E incapaz de callarse, fue a explicar a la reina una situación que le parecía increíble. Tropezó con una apatía total, y Mazarino se encargó de darle a entender que, si quería conservar el privilegio musical que le había sido concedido ante el rey, más le valdría no entrometerse en la vida interna del palacio. Su esposo le dijo lo mismo.

— Mazarino es demasiado fuerte para ti, corazón. No te empeñes en una batalla perdida de antemano. La reina lo apoyará siempre. Acuérdate de lo que le ha ocurrido a nuestra amiga Hautefort.

En efecto, Marie, poco después del arresto de Beaufort, no había podido contener su indignación.
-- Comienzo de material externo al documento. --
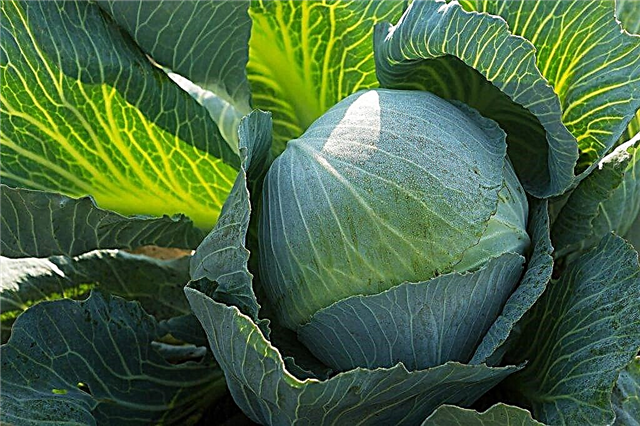 Characteristics of cabbage variety Kolya F1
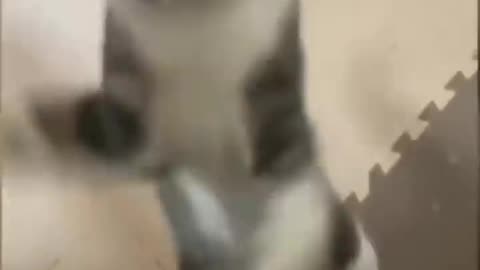 Top funny Cats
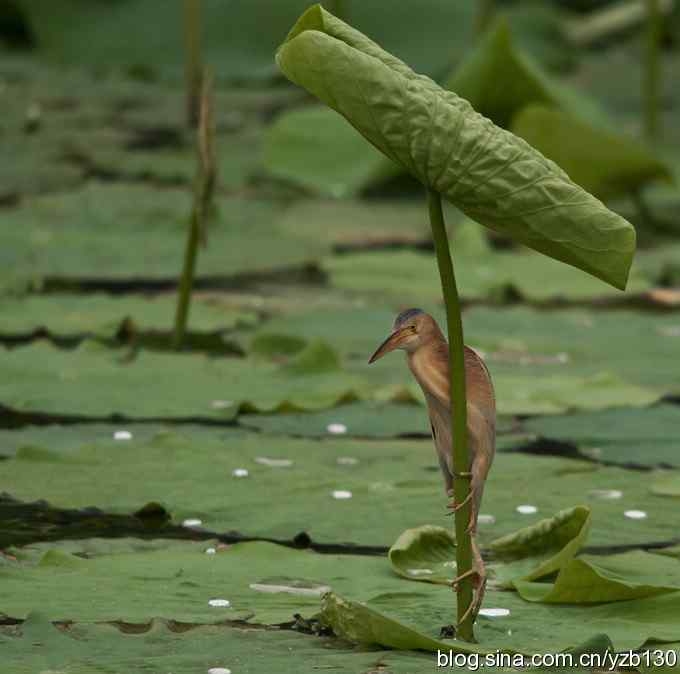漂亮的钢管舞（组图，10张图片）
Una mañana en que, en su papel de dama de compañía, ayudaba a la reina a elegir zapatos y ponérselos, había intentado explicar -con buenas maneras, lo que en ella era casi una hazaña- que la regente debería guardar más recato en sus relaciones con un ministro del que se empezaba a murmurar, pero no pudo llegar muy lejos en el desarrollo de su idea: Ana, presa de un ataque de cólera «española», había dado un puntapié a la joven arrodillada delante de ella, la había despedido de inmediato de su servicio y se había marchado sin querer oír nada más.

Para la orgullosa Marie había sido una herida cruel. Como otras antes que ella, como Madame de Chevreuse, retirada con el corazón repleto de hiel en su castillo de Couziéres, acababa de descubrir que la ingratitud formaba parte de los defectos de Ana de Austria, y que si ésta había apreciado su amistad en los momentos difíciles, una vez alcanzada la felicidad del poder encontraba más cómodo desembarazarse de las personas que sabían demasiado. Su brusco acceso de cólera se pareció demasiado a un pretexto.

— ¡Tened cuidado de que un día no llegue vuestro turno! -había aconsejado Marie a Sylvie mientras concluía sus preparativos de marcha-. Mucho me temo que la reina abrigue sentimientos excesivamente tiernos respecto de Mazarino. Así que mucho cuidado…

Por fortuna, al perder una amistad querida Marie encontró el amor, el verdadero, el que nunca habría creído posible. El mariscal de Schomberg, enamorado de ella, obtuvo no solamente su mano sino también su amor. Tenía veinte años más que ella, pero era «bello y grave como un dios». Se amaron con pasión, y desde ese momento Marie, durante las ausencias de su esposo, apenas salió de su hermoso castillo de Nanteuil-le-Haudouin, adonde Sylvie la visitaba con frecuencia.